== TASK DIRECTIONS ==
Every entry that follows is to be set down exactly, with its pictures omitted.

----------

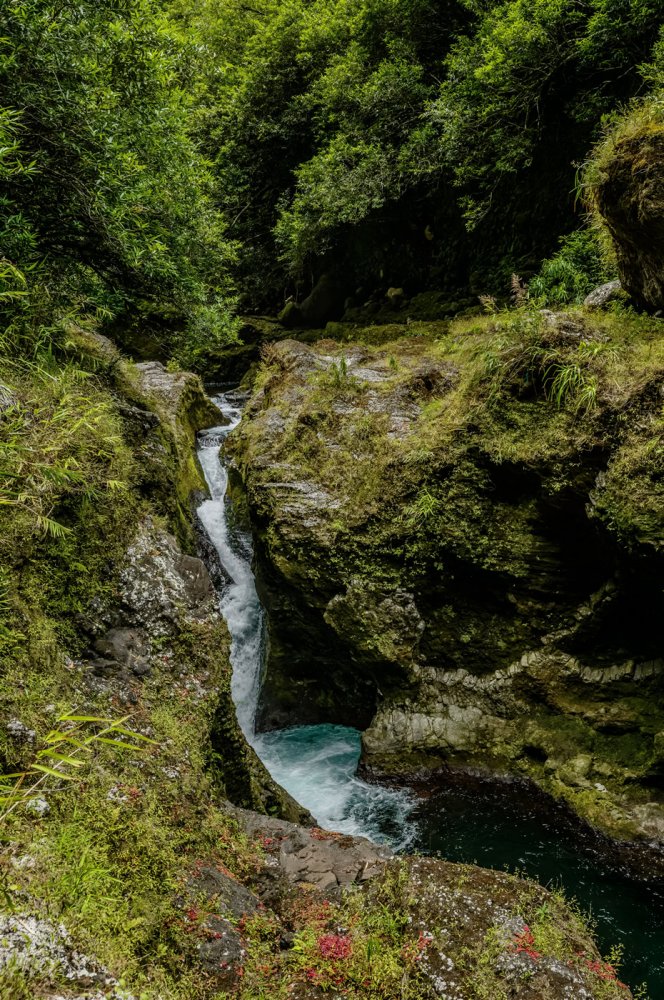 bras de caverne affluent de la rivière du mât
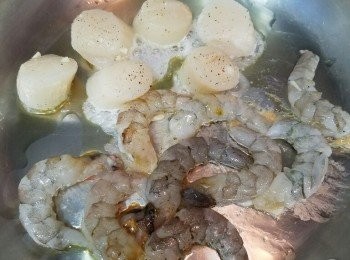 step2: 落油，先煎香帶子及蝦 （無需要熟晒，略帶金黄）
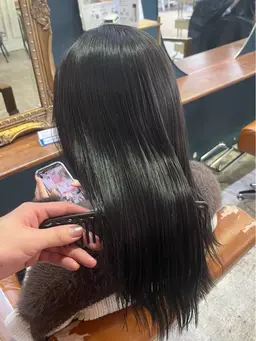縮毛矯正でサラサラヘアーに✨お客様に合った薬剤でダメージレスに癖を伸ばします+髪質改善トリートメント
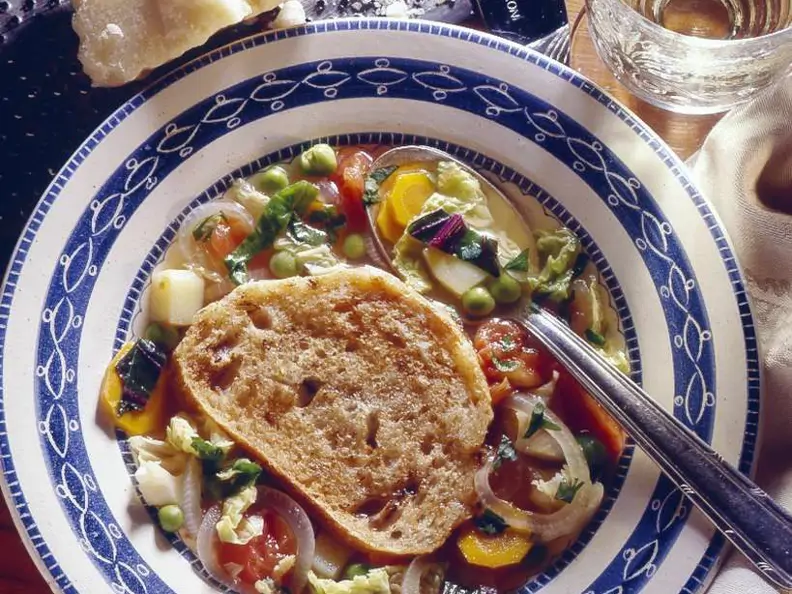 Gemüsesuppe mit Brot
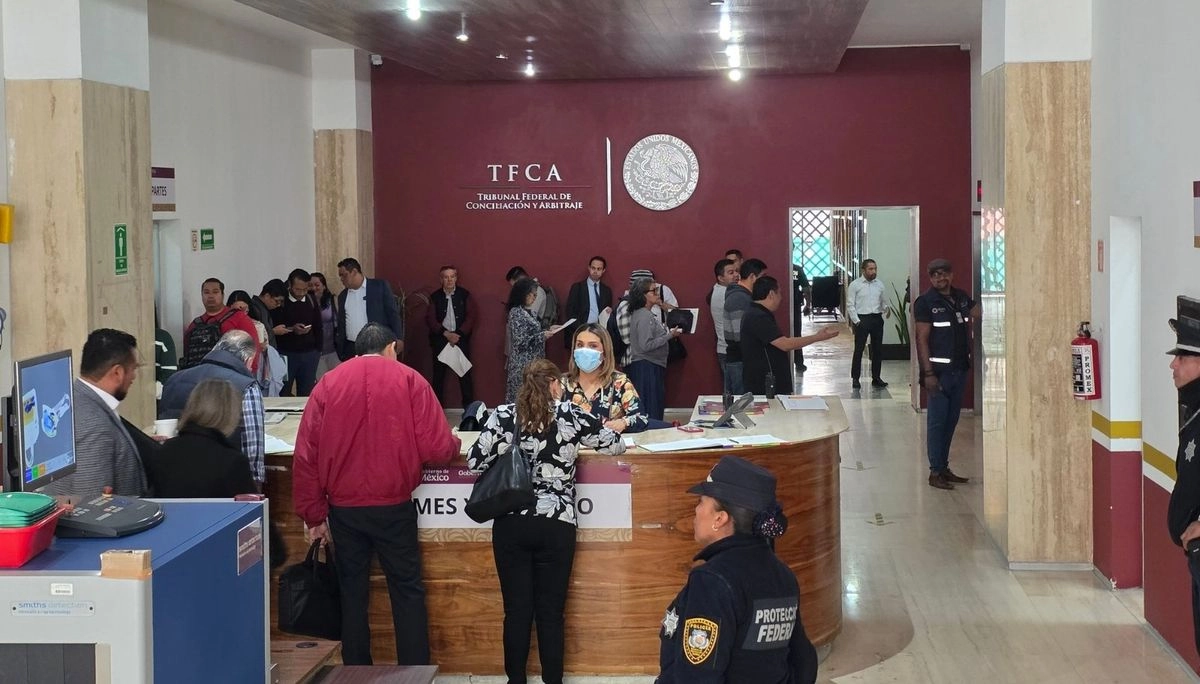 La autoridad laboral precisó que las personas lesionadas, una mujer y cinco hombres, son “externas a la institución” e informó que fueron trasladadas a distintos hospitales para recibir atención médica por el ERUM y la Cruz Roja.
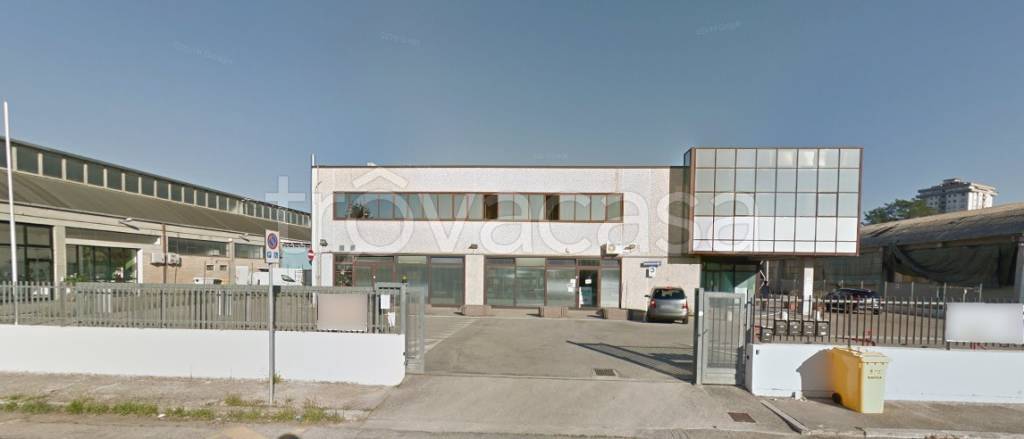 Capannone Industriale in vendita ad Ascoli Piceno zona Industriale Basso Marino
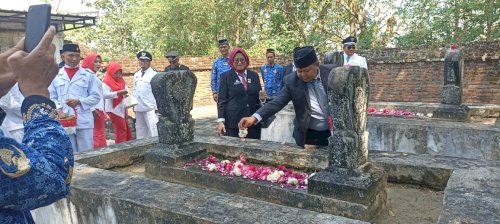 Upacara HUT RI ke 80 dan ziarah ke Makam Dukut Tahun 2025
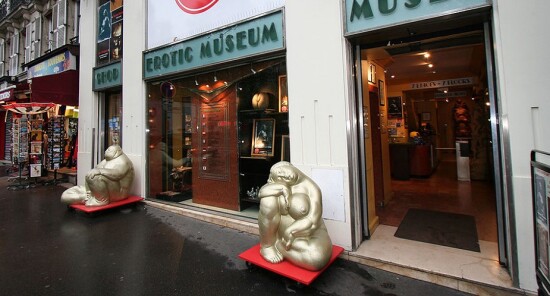 Il Museo dell'erotismo di Parigi venderà all'asta le sue collezioni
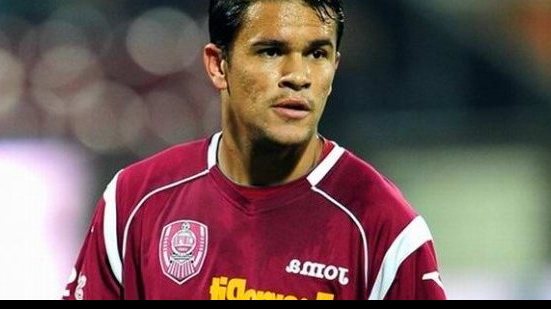 Imagem Ex-Bahia marca na Arábia e diz que torce por recuperação no Brasileirão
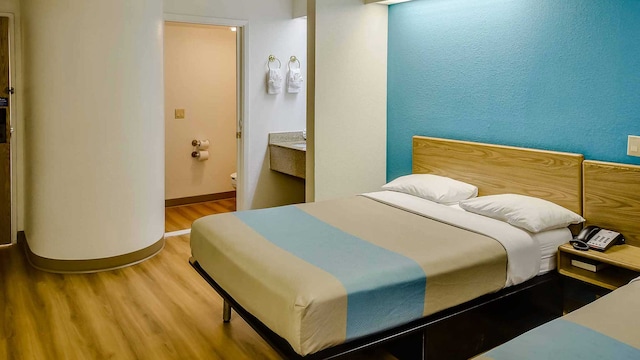 2 Full Beds | Smoking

----------

== ANSWER FOR THE TASK ==
 bras de caverne affluent de la rivière du mât
 step2: 落油，先煎香帶子及蝦 （無需要熟晒，略帶金黄）
縮毛矯正でサラサラヘアーに✨お客様に合った薬剤でダメージレスに癖を伸ばします+髪質改善トリートメント
 Gemüsesuppe mit Brot
 La autoridad laboral precisó que las personas lesionadas, una mujer y cinco hombres, son “externas a la institución” e informó que fueron trasladadas a distintos hospitales para recibir atención médica por el ERUM y la Cruz Roja.
 Capannone Industriale in vendita ad Ascoli Piceno zona Industriale Basso Marino
 Upacara HUT RI ke 80 dan ziarah ke Makam Dukut Tahun 2025
 Il Museo dell'erotismo di Parigi venderà all'asta le sue collezioni
 Imagem Ex-Bahia marca na Arábia e diz que torce por recuperação no Brasileirão
 2 Full Beds | Smoking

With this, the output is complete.